フルール・マリエ
「綾・・・」
思わず呟いてしまったのだろうが、その時は完全に支配人としての自分を忘れていたような反応だった。
「ブライダル系の仕事をしてるって噂で聞いてたけど、千紘君ってここで働いてたの?」
「ああ」
「びっくりした。こんな偶然、あるんだね」
「そうだね。結婚するんだ?おめでとう」
「ありがとう」
「じゃあ、仕事中だから。朝見さん、よろしく」
仕事中だから必要最低限の言葉しか交わしていなかったけど、その言葉の端々には親密さを感じてしまった。
「千紘君って上司なんですか?」
新婦の着替えを手伝っていると、鏡越しに新婦が首を傾げる。
真田さんの私への言葉のかけ方で真田さんとの上下関係を把握したのだろう。
「ええ。この店の支配人です」
「支配人!?うわー、すごいなぁ。

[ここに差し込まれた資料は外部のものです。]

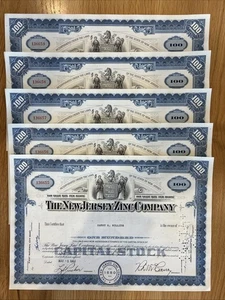 5x The New Jersey Zinc Company certificados de acciones 500 acciones 1963 secuenciales - Imagen 1 de 4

あ、彼、大学の知り合いだったんですよ。その頃から頭脳明晰だったけど、同じ歳で支配人って、さすがだなぁ」
「そうなんですね。それは、すごい偶然でしたね」
「実は、彼と付き合ってたことあるんです」
何となく、そんな気はしていた。
下の名前で呼び合う感じと、真田さんの反応が容易に2人の関係を想像させた。